To do:
Without the images, reproduce each line of the material exactly.

Provided material:
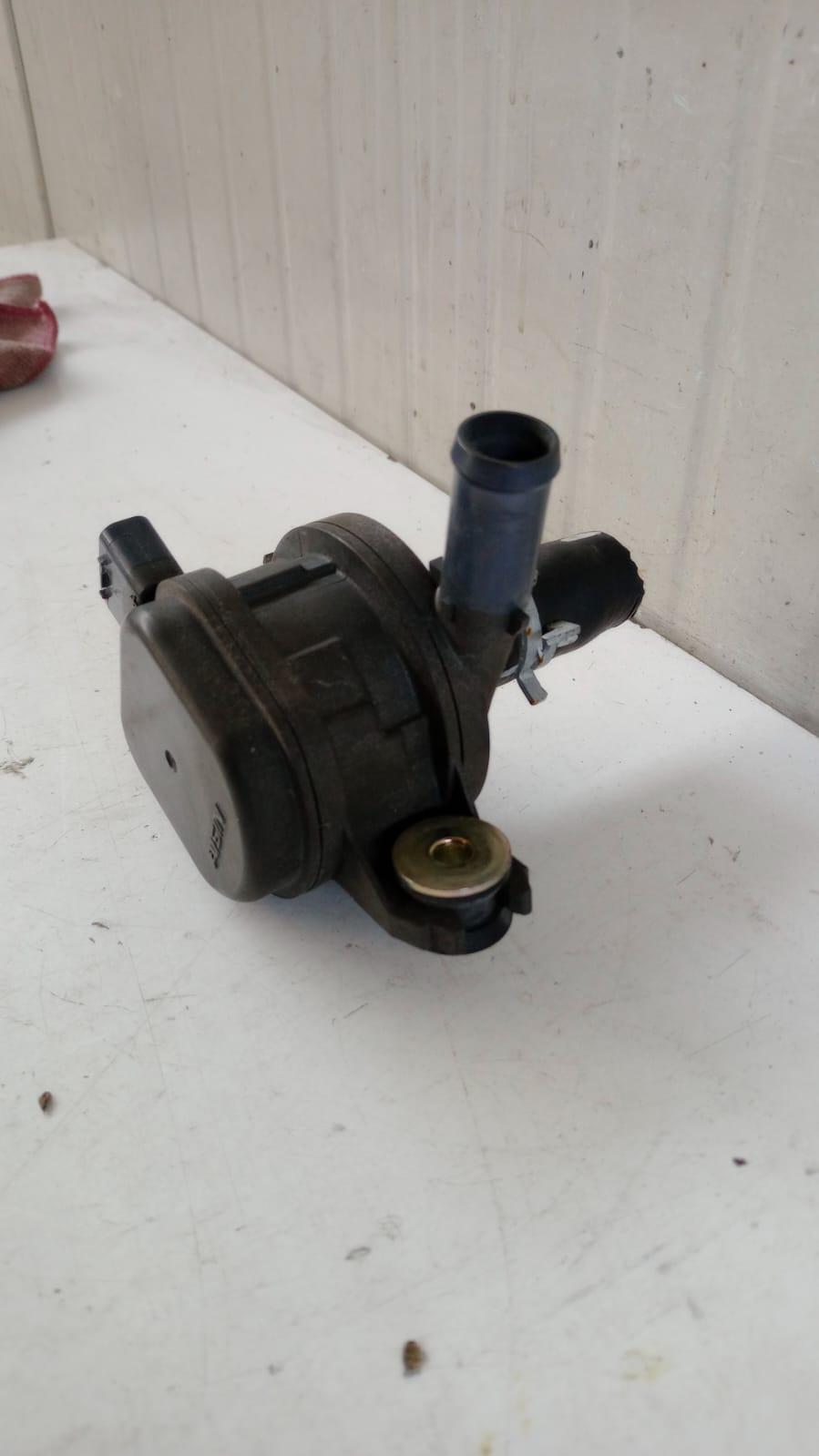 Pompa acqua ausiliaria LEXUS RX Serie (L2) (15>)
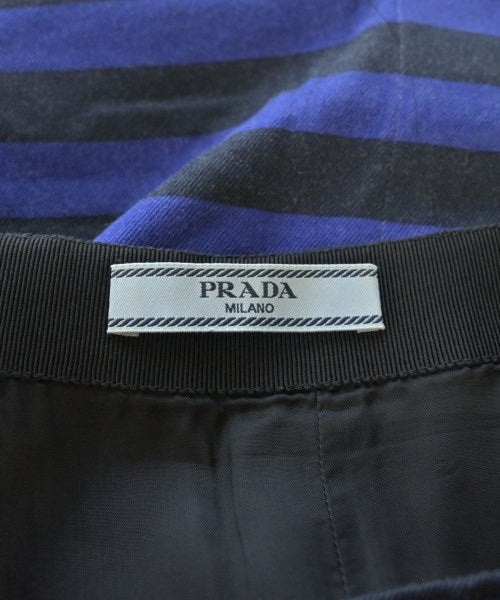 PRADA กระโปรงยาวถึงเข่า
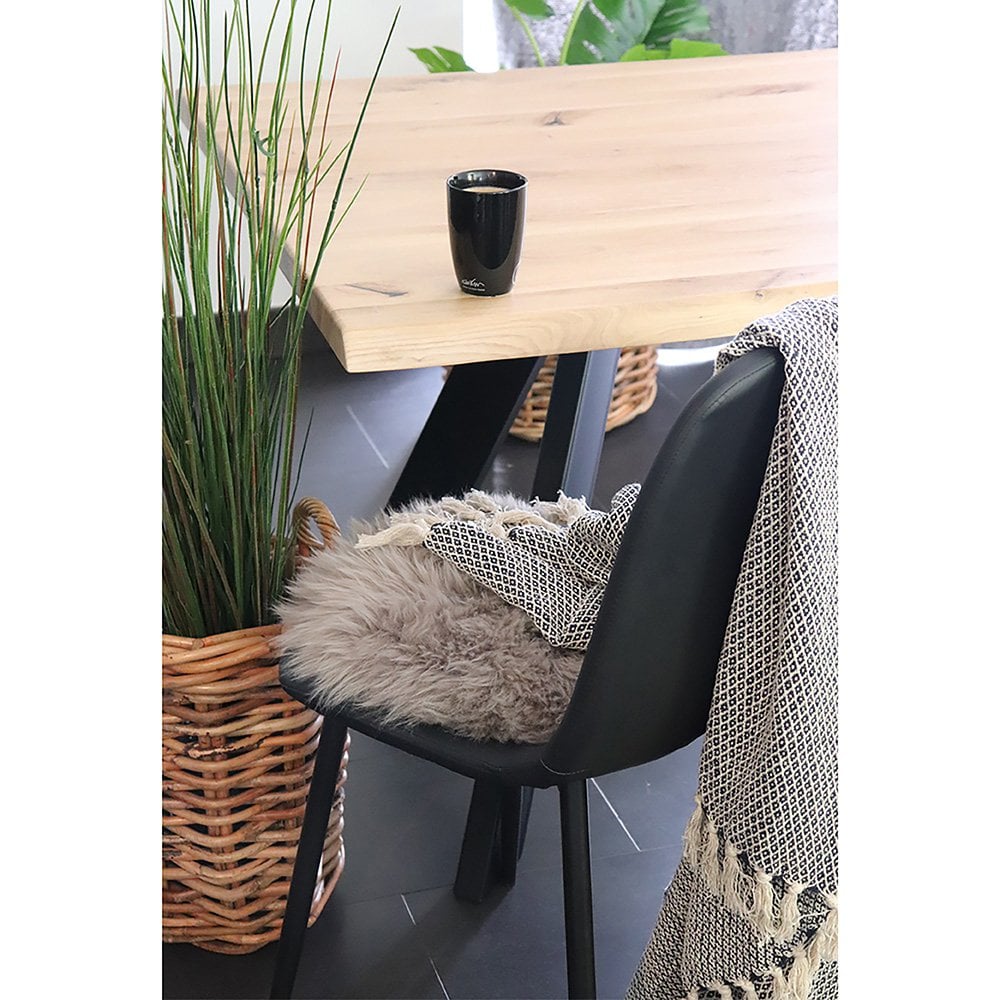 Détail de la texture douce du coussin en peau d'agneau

Response area:
 Pompa acqua ausiliaria LEXUS RX Serie (L2) (15>)
 PRADA กระโปรงยาวถึงเข่า
 Détail de la texture douce du coussin en peau d'agneau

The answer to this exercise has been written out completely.